Design hourly aggregate tables that can be used to generate monthly reports on Action API usage requested in T102079:
- Number of user agents coming from Labs or third party services, on a monthly basis + all time (DevRel, to check whether our APIs are increasing adoption)
- Volume of API requests coming from Labs or third party services, on a monthly basis (DevRel, to check the trend of usage of our APIs)
- Ranking of user agents coming from Labs or third party services with a highest activity, on a monthly basis + all time (DevRel, to help identifying the services making intensive use of our APIs)
- Ranking of most requested actions/parameters, on a monthly basis + all time (DevRel, to help identifying usage of our APIs and check against our documentation, APIs we should promote...)
Retaining the full request information similar to api.log in Hadoop to support 30 day reporting is undesirable for several reasons:
- Large amount of data to store and query
- Possibility of leaking private/sensitive information in the event of a data breach
- Possible to correlate events in ways that create privacy issue (e.g. distinct user reading history)
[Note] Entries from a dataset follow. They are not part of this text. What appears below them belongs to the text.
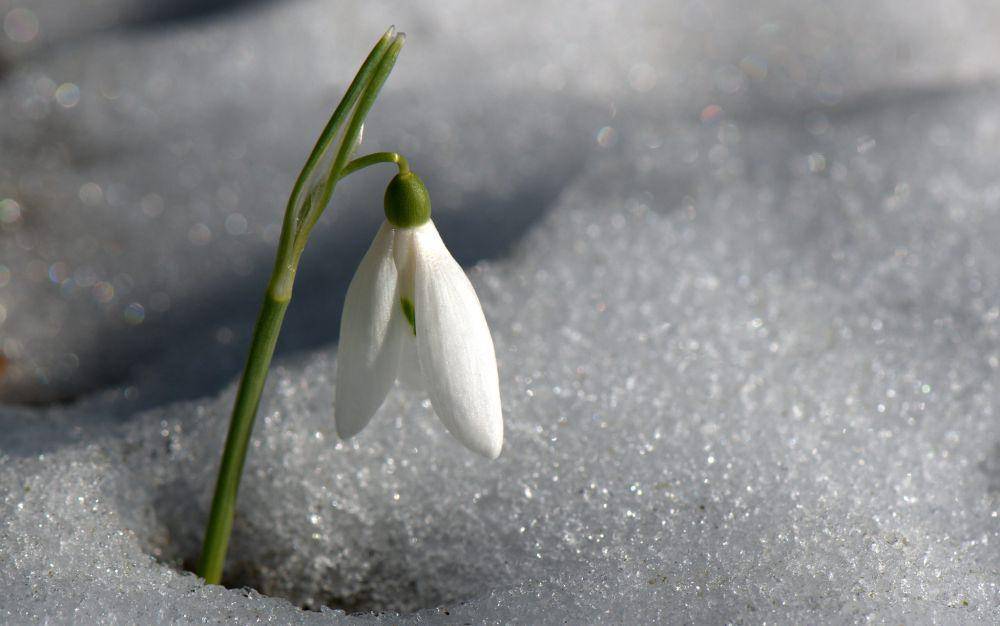 ilustrasi snowdrop (flickr.com/Mario Cerchiai)
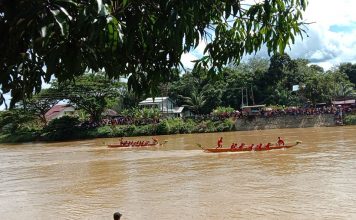 14 Klub Berlaga Dalam Lomba Perahu Dragon Boat Cup I di Sungai Landak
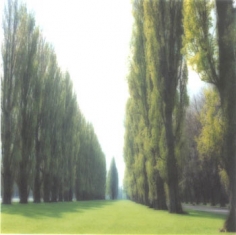 Parc de Sceaux, France (5-95-9c-9), 1995 Chromogenic print, 28 x 28 inches
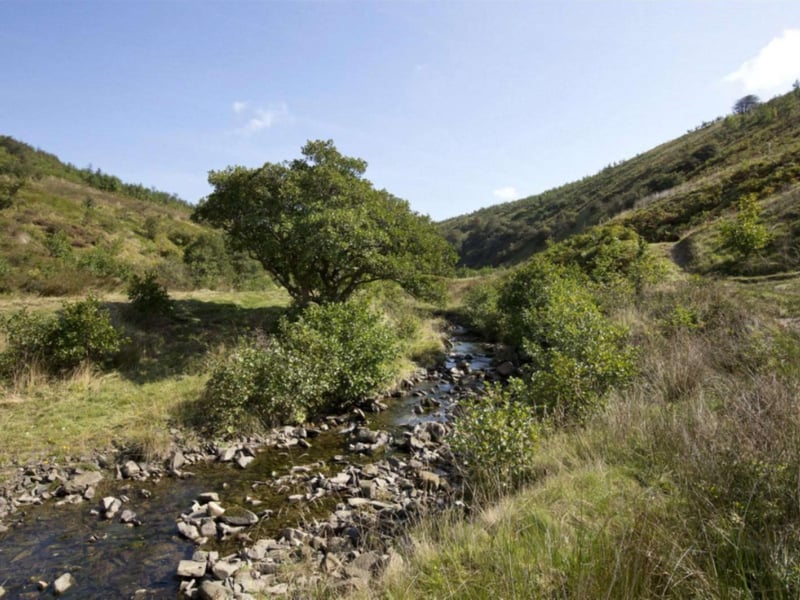 This wee burn is enough to get anyone writing Romantic poetry.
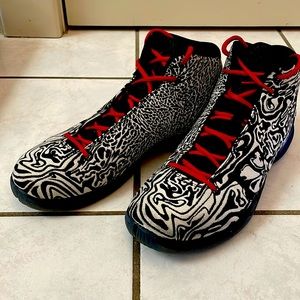 Nike Jordan Mens high tops 10.5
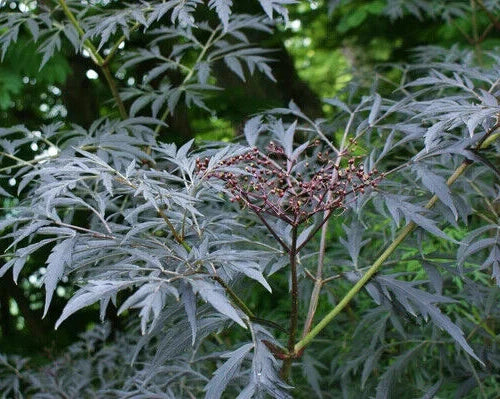 Black Lace Elderberry Seeds, 25 Count, Showy Black Lace Sambucus nigra Shrub, Ornamental Foliage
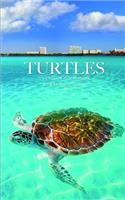 Turtles 5 x 8 Weekly 2020 Planner: One Year Calendar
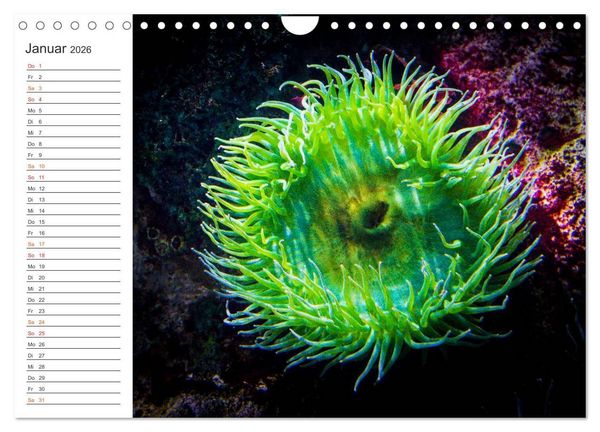 Produktbild: Die Farben der Ozeanwelt (Wandkalender 2026 DIN A4 quer), CALVENDO Monatskalender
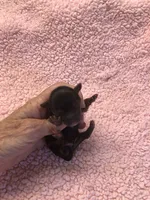 Teacup Bailey, a female Yorkshire Terrier for sale in Colcord, OK – 3 of 4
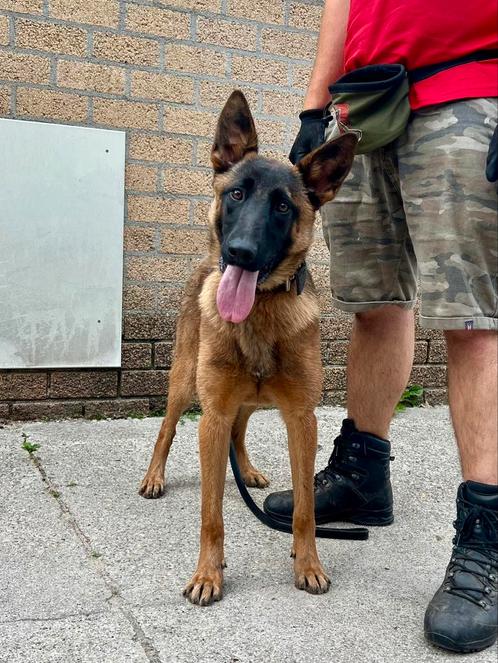 Lieve , actieve Mechelse Herder teef te koop, Dieren en Toebehoren, Honden | Herdershonden en Veedrijvers, Teef, Herder, Particulier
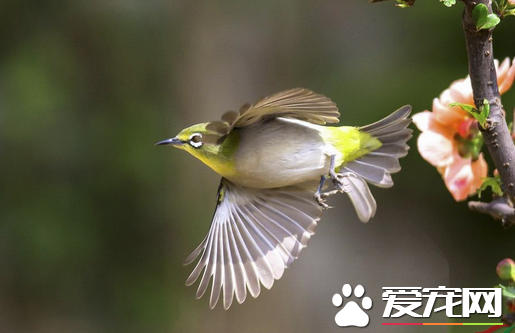 暗绿绣眼鸟价格 一般价格从十几到上万不等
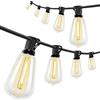 Catena Luminosa da Esterno 1800x3,8x9 cm con 50 Luci LED IP44 in PET e Plastica Nero e Trasparente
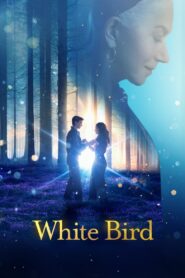 White Bird A Wonder Story (2024) Dual Audio Hindi – Full Movie Download & Watch FREE – .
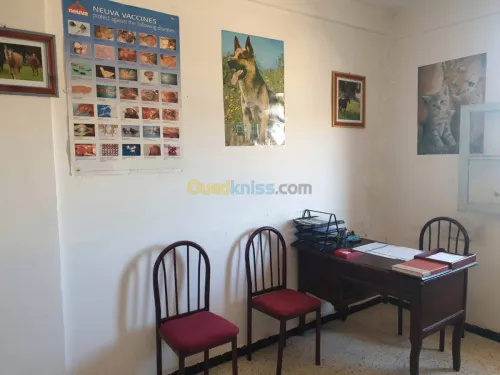 Médecin vétérinaire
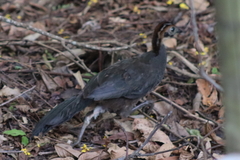 Penelope superciliaris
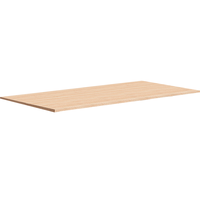Bordplade 160x80cm eg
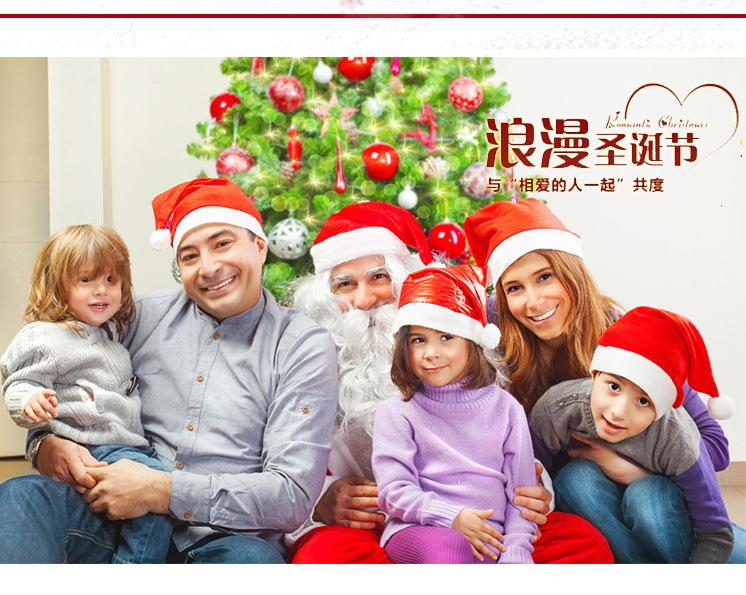 详情插图.jpg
Using aggregate tables with hourly aggregate data can allow us to answer questions by summing simple counts and separate data in such a way that we can avoid allowing undesirable correlations.
Once we have the reporting tables designed we can work backwards to determine what source data we need to capture to populate the aggregate tables and further restrict the possibility of unwanted correlations by not logging data that is unneeded for the current reporting.